2010-09-10 Podhale Nowy Targ - Cracovia 0:6
|
1 kolejka, 1 runda, etap 1, Ekstraliga Nowy Targ, piątek, 10 września 2010, 18:00
(0:2; 0:3; 0:1) |
|
Skład: Rajski (Furca) K.Kapica Łabuz Kmiecik K.Bryniczka Różański W.Bryniczka Dutka D.Kapica Kolusz Malasiński Gaj Sulka Szumal Michalski Puławski Leśnicki Cecuła Bomba Neupauer Tylka |
|
Skład: Radziszewski (Kulig) Wajda Kłys L.Laszkiewicz Pasiut D.Laszkiewicz Noworyta Landowski Łopuski Biela Piotrowski Witowski Dulęba Kostuch Słaboń Martynowski Kozak Karcz Rutkowski Bryła |
Opis meczu
Sportowe Tempo
W najwcześniej zakończonym piątkowym spotkaniu Cracovia rozgromiła Podhale.
MMKS Podhale Nowy Targ - Cracovia 0-6 (0-2, 0-3, 0-1)
0-1 L. Laszkiewicz - Pasiut - D. Laszkiewicz 11:10 0-2 Łopuski - Landowski - Piotrowski 19:58 w przewadze 0-3 L. Laszkiewicz - Pasiut 24:24 0-4 Piotrowski - Łopuski - Biela 36:48 0-5 Piotrowski - Biela 39:57 0-6 Kostuch - Słaboń 52:57 w przewadze Sędziowali: Tomasz Radzik (Krynica-Zdrój) - Patryk Kasprzyk (Bydgoszcz), Marcin Młynarski (Sosnowiec). Kary: 4 - 10 min. Widzów 1200. MMKS: Rajski – K. Kapica, Łabuz; Kmiecik, K. Bryniczka (2), Różański – W. Bryniczka, Dutka; Kolusz, D. Kapica, Malasiński – Gaj (2), Sulka; Bomba, Neupauer, Michalski. CRACOVIA: Radziszewski – Wajda, Kłys; L. Laszkiewicz, Pasiut, D. Laszkiewicz – P. Noworyta, Landowski; Łopuski, Biela (2), Piotrowski (2) – Witowski (4), Dulęba (2); Kostuch, Słaboń, Martynowski.

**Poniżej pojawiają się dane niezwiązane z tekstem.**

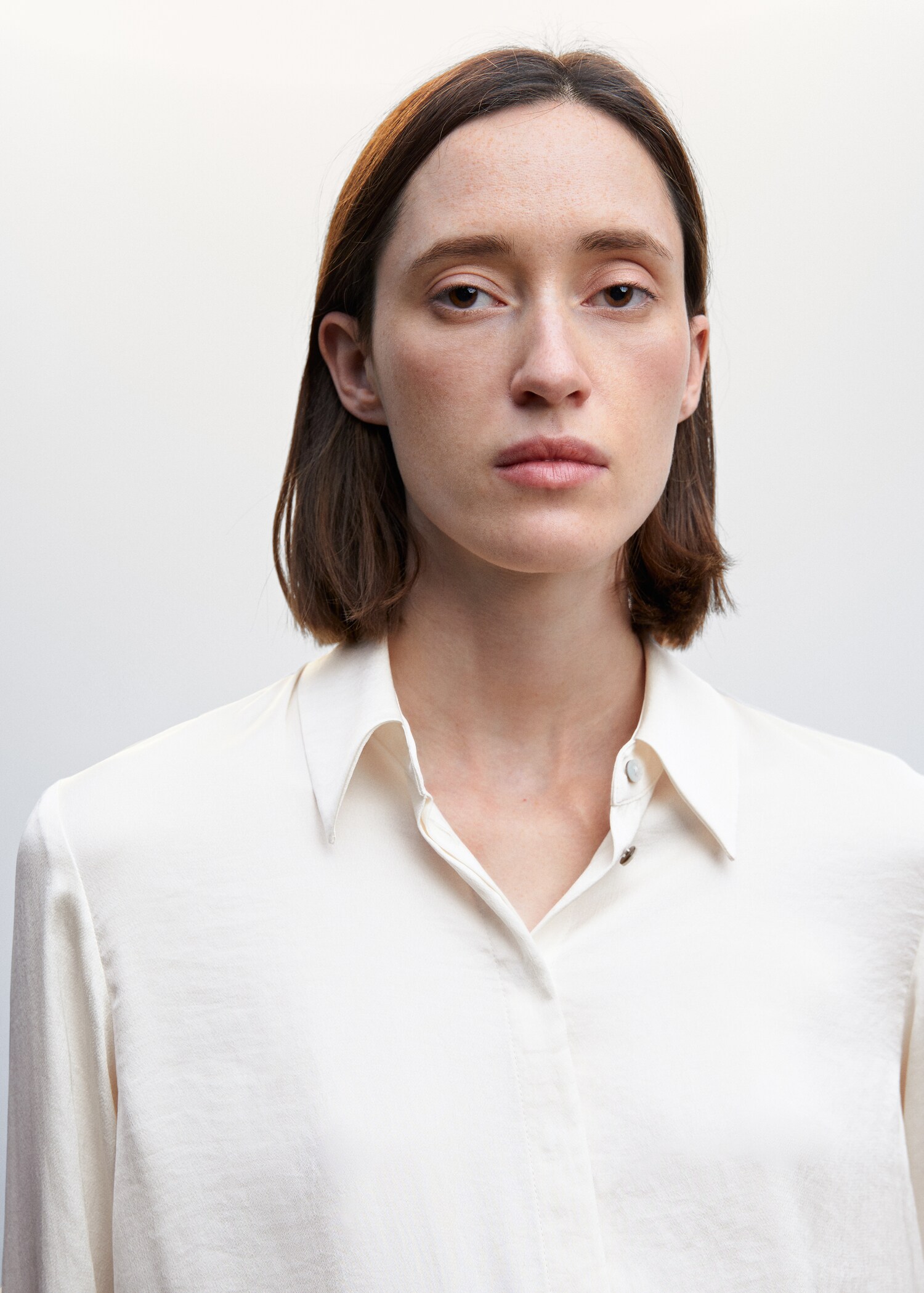 Camicia fluida satinata - Dettaglio dell'articolo 1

Cracovia pojechała ostatecznie do Nowego Targu, ale losy ważyły się niemal do ostatniej chwili. I dopiero po groźbie wycofania się "Pasów" z rozgrywek nastąpiła zmiana decyzji Wydziału Gier i Dyscypliny. Zatem do autokaru wsiedli dwa nowi gracze David Kostuch i Rafał Martynowski. Obaj zadebiutowali i zagrali dość przeciętnie. Krakowianie pewnie wygrali, choć nowotarżanie stworzyli sporo sytuacji golowych. Nie potrafili jednak pokonać Rafała Radziszewskiego nawet grając przez dwie minuty w podwójnej przewadze.

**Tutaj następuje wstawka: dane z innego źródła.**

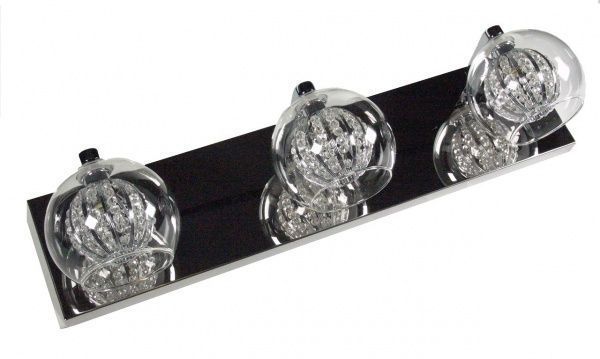 Бра Інтерклас НББ 01-3x-ХХ-006 3x40 Вт G9 нержавіюча сталь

– Podhale ma młody skład, ale pokazało, że wiele potrafi – twierdzi Leszek Laszkiewicz, najlepszy na tafli. – Gdyby góralom coś wpadło na początku meczu, a mieli mnóstwo okazji, to mecz mógł być wyrównany. Pomógł nam „Radzik” a i nasza skuteczności była niezła.

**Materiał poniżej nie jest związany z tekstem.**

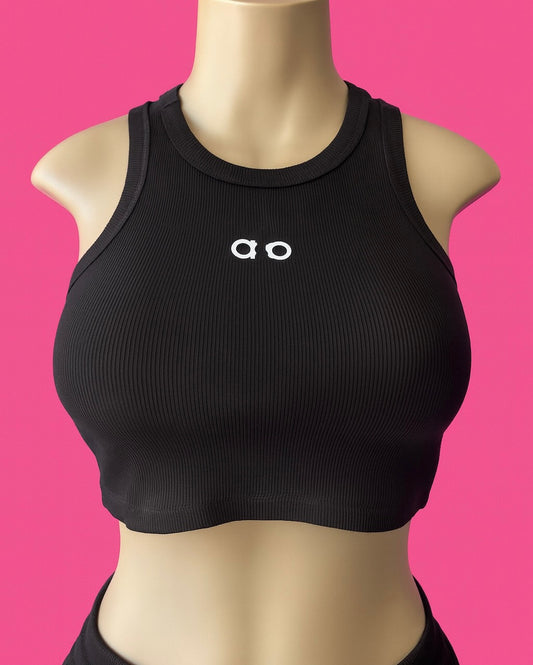 Essential Ribbed Crop Tank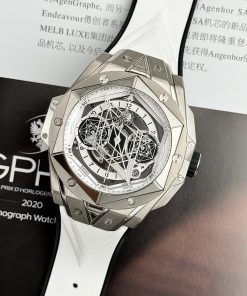 Hublot Big Bang Sang Bleu II Titanium White Best Replica BBF 45mm (1)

– Zapłaciliśmy frycowe – mówił Gabriel Samolej, drugi trener MMKS. – Przegraliśmy za wysoko jak na ilość wypracowanych sytuacji. Naszym grzechem głównym była znikoma skuteczność. W strzałach byliśmy na równi, a drugą tercję nawet wygraliśmy. Brakuje nam ogrania.
– Zadowolony jestem z wyniku, bo w takim zestawieniu zagraliśmy po raz pierwszy. Nie miałem kadrowiczów 26 dni. Gra nie była taka o jaką mi chodzi, ale punkty są najważniejsze – powiedział trener gości, Rudolf Rohaček.